Las democracias se mueven hoy entre el miedo y la intransigencia, cuando no el odio, hacia sus adversarios políticos. Y bajo condiciones de gobernabilidad precaria. La situación de la política española encaja bien en este esquema: un Gobierno de gobernabilidad limitada por la cantidad de piezas que ha de encajar cada vez que pretende llevar una ley al Congreso, por no hablar de su imposibilidad de armar un presupuesto, y el vértigo o el miedo ante el acceso de la alternativa posible. Esto último es su mayor elemento cohesionador; solo puede mantenerse vivo en la medida en que funciona la satanización del adversario. Lo hemos dicho muchas veces, se trata de hacerlo inelegible, no de presentarse como mejor y más capaz que aquel.
Lo curioso es que desde la otra orilla funciona el mismo esquema: “Gobierno corrupto”, Frankenstein, la anti-España. El ciudadano se ve sometido, así, a un claro chantaje: si no nos votas vendrá el fascismo (o algo similar), o, si no nos votas, proseguirán la corrupción y la disolución de España. La lucha entre el bien y el mal como potencial campo de batalla electoral, en vez de ese más apacible presupuesto democrático de limitarse a elegir entre alternativas ideológicas ponderando nuestros intereses respectivos. El ideal es que no exista más opción viable que la propia.
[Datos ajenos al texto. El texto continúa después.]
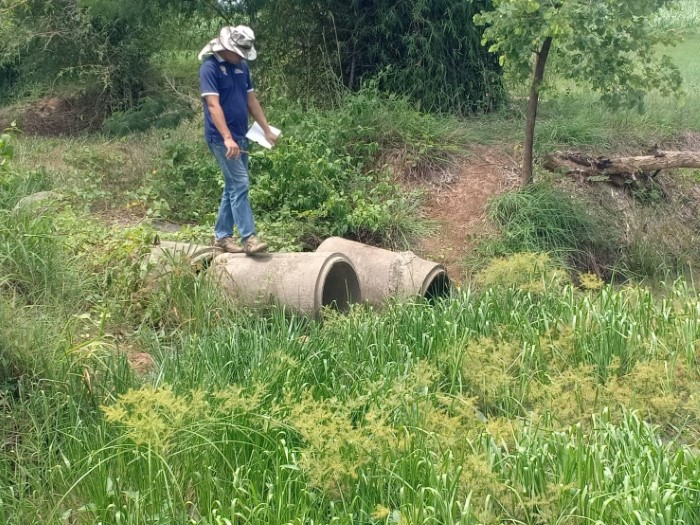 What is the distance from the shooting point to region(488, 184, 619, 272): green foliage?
8.62 m

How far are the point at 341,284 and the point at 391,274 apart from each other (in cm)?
41

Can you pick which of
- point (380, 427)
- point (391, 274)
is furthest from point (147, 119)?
point (380, 427)

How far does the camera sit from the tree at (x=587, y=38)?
313 inches

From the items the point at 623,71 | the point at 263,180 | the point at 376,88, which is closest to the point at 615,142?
the point at 623,71

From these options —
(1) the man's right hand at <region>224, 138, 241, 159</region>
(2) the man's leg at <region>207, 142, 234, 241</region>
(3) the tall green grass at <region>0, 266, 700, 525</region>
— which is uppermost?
(1) the man's right hand at <region>224, 138, 241, 159</region>

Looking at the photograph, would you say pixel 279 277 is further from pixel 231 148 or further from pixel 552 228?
pixel 552 228

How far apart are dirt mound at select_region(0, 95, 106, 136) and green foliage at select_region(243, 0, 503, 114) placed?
153 inches

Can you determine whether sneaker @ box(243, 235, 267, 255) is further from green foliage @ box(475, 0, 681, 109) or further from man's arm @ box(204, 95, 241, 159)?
green foliage @ box(475, 0, 681, 109)

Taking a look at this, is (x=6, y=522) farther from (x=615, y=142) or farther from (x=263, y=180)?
(x=615, y=142)

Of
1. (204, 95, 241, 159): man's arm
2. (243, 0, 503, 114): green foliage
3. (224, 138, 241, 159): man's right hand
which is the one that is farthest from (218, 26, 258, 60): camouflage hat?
(243, 0, 503, 114): green foliage

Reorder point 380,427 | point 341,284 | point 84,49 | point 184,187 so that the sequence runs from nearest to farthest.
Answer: point 380,427
point 341,284
point 184,187
point 84,49

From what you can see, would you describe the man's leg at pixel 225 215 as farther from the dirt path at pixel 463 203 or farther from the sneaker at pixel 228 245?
the dirt path at pixel 463 203

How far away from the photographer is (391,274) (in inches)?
280

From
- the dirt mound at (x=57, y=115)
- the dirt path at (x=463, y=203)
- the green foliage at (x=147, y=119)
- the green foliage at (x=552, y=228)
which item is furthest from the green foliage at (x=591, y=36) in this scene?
the dirt mound at (x=57, y=115) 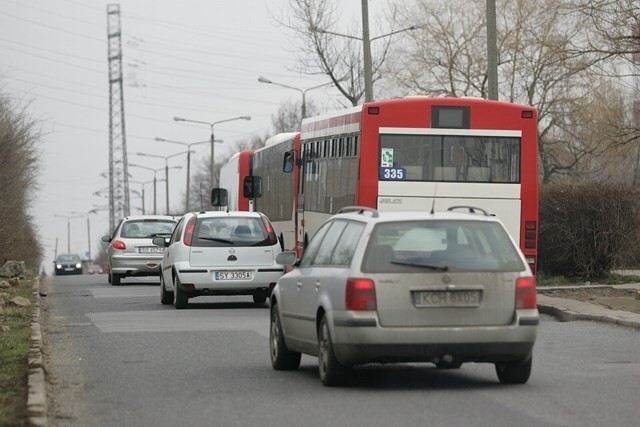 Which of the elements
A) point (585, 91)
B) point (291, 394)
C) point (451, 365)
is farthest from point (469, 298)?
point (585, 91)

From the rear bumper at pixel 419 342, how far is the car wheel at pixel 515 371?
0.43 metres

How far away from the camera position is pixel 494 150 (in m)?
22.9

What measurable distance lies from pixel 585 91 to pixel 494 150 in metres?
29.0

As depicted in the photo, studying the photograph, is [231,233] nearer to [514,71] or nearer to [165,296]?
[165,296]

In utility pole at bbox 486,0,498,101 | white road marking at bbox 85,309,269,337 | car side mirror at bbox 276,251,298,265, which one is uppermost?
utility pole at bbox 486,0,498,101

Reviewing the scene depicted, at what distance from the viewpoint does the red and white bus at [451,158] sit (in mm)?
22734

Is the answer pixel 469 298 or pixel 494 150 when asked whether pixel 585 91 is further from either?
pixel 469 298

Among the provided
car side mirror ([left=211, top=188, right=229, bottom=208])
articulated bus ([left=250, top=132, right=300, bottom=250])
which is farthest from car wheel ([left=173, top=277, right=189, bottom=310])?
car side mirror ([left=211, top=188, right=229, bottom=208])

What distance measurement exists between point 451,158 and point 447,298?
11.4m

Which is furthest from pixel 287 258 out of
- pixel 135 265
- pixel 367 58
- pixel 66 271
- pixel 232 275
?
pixel 66 271

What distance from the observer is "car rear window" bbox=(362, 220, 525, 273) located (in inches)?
458

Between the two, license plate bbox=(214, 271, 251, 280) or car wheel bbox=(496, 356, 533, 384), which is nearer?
car wheel bbox=(496, 356, 533, 384)

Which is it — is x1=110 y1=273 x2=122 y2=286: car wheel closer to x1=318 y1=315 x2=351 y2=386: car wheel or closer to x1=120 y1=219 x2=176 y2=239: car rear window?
x1=120 y1=219 x2=176 y2=239: car rear window

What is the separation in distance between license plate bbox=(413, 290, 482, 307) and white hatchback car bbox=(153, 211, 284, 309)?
11.3 metres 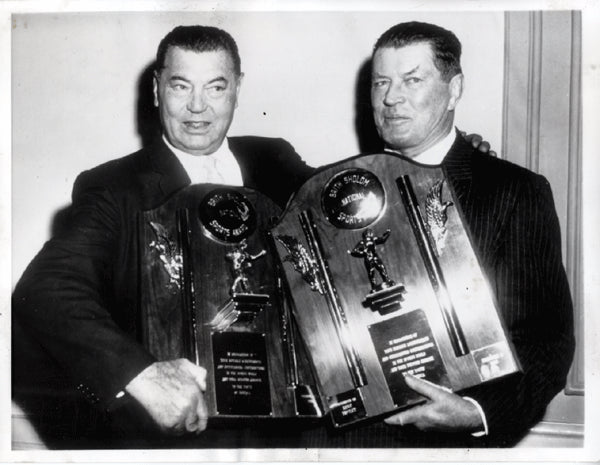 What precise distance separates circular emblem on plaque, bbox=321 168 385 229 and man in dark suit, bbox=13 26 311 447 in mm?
159

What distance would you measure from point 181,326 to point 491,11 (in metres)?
0.96

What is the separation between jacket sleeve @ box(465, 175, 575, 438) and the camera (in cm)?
162

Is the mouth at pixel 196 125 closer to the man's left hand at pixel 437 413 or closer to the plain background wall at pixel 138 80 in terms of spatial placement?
the plain background wall at pixel 138 80

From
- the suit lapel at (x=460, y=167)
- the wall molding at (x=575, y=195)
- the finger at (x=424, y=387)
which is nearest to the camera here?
the finger at (x=424, y=387)

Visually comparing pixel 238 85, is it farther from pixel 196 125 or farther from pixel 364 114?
pixel 364 114

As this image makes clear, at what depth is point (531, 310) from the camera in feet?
5.37

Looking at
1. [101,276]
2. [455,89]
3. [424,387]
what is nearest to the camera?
[424,387]

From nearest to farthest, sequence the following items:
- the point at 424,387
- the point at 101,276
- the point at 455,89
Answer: the point at 424,387 → the point at 101,276 → the point at 455,89

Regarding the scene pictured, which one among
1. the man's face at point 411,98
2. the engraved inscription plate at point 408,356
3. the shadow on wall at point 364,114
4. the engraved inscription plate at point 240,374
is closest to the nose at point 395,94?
the man's face at point 411,98

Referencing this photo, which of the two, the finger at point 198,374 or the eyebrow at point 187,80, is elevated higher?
the eyebrow at point 187,80

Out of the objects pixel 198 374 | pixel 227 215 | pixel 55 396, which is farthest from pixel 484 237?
pixel 55 396

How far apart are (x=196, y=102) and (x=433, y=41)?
51cm

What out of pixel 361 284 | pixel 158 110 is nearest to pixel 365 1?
pixel 158 110

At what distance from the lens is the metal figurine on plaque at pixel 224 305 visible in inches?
61.5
El daño que este tipo de actitudes tiene para el sistema democrático salta a la vista. Para quienes gobiernan, el rendimiento de cuentas pasa a un segundo plano. ¿Qué importan algunos casos de corrupción ante la presencia del abismo? Para la oposición del PP, ocurre algo similar. ¿Qué importa tener que gobernar con apoyo de Vox si están destrozando España? No precisa siquiera hacer oposición; cree que le basta con esperar a la labor de los jueces, y mientras tanto abundar en la crispación y los excesos retóricos. Al Gobierno le sirve también para hacer digeribles otros chantajes menores por parte de sus socios, convertir la política en una especie de zoco donde se trapichea con favores y cesiones más o menos incompatibles con sus anteriores convicciones. Ante el mal mayor de salir de La Moncloa, facilitar la continuidad de la coalición c’est tout pardonner.
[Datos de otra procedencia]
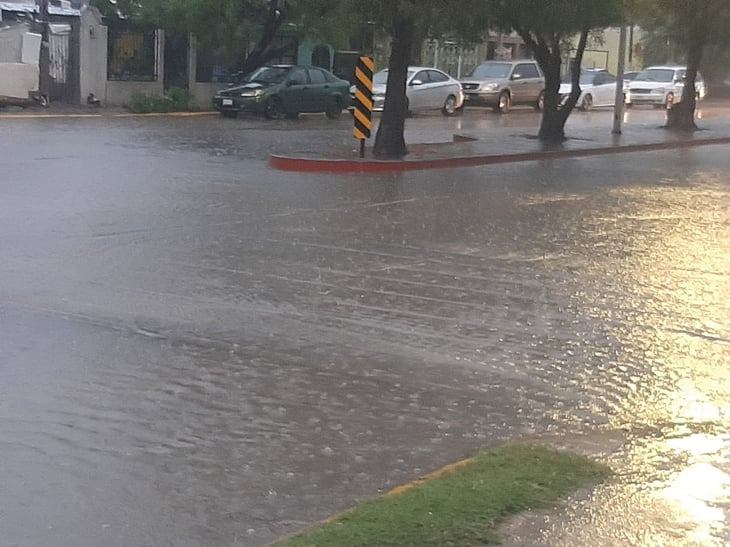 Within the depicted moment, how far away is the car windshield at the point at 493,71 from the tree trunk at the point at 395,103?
2056 centimetres

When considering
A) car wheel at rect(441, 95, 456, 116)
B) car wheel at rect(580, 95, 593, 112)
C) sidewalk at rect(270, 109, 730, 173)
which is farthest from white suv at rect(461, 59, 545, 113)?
sidewalk at rect(270, 109, 730, 173)

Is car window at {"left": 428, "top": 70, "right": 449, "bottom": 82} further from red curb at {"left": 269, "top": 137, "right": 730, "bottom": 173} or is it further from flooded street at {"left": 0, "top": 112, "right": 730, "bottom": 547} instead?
flooded street at {"left": 0, "top": 112, "right": 730, "bottom": 547}

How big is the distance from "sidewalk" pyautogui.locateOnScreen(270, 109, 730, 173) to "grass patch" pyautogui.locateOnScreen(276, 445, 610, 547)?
46.0 feet

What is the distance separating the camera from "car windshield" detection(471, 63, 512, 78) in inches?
1641

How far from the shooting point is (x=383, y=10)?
20.4 m

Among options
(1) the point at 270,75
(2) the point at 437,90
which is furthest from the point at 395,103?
(2) the point at 437,90

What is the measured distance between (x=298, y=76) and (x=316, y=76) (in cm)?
77

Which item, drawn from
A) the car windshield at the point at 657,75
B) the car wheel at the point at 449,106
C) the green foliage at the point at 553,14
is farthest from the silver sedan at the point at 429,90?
the car windshield at the point at 657,75

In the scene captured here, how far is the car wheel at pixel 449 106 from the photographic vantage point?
126 feet

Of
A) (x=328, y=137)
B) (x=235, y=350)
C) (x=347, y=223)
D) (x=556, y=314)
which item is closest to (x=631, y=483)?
(x=235, y=350)

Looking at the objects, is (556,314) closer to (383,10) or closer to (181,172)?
(181,172)

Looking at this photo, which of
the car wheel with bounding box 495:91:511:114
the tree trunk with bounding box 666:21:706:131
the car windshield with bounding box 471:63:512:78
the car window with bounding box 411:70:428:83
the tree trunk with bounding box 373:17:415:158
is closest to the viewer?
the tree trunk with bounding box 373:17:415:158

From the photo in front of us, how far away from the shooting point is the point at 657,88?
1868 inches

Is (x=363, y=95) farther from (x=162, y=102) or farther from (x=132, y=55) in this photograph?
(x=132, y=55)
Ahora, a la vista del nuevo órdago de Junts al Gobierno, estamos ante uno más, solo que aquí está limitado por la UE en lo referente al reconocimiento del catalán como lengua europea, o por el propio Poder Judicial, o, y esto lo ignoramos, porque haya demandas inconstitucionales o que puedan provocar potenciales reveses electorales o disensiones internas. El problema es que a Junts solo le importa Cataluña y se enfrenta ahora a un problema existencial en su propio campo provocado por el auge de Aliança Catalana. Lo más probable es que se llegue a un acuerdo, pero cabe suscitar algunas dudas derivadas de la propia naturaleza del partido de Silvia Orriols. Y no me refiero a su radicalismo antiinmigración, sino al giro que introduce en la práctica política del campo independentista. Por primera vez, un partido de este signo afirma que no participará en las elecciones generales españolas. Cataluña es su único país. ¿Qué importa que Junts consiga, por ejemplo, el reconocimiento de lengua europea si eso se obtendría ipso facto si fuera un país independiente dentro de la UE? Junts sufre así una fuerte presión por desvincularse del imaginario de su asociación a “instituciones españolas” y necesita apaciguar al menos la imagen de “colaboracionista” que le imputan los independentistas más irredentos. Pero que no se haga ilusiones el PP acariciando la expectativa de su apoyo a una moción de censura; se trata de llevar a cabo un divorcio de país, no entre partidos. Mañana tendremos la sentencia.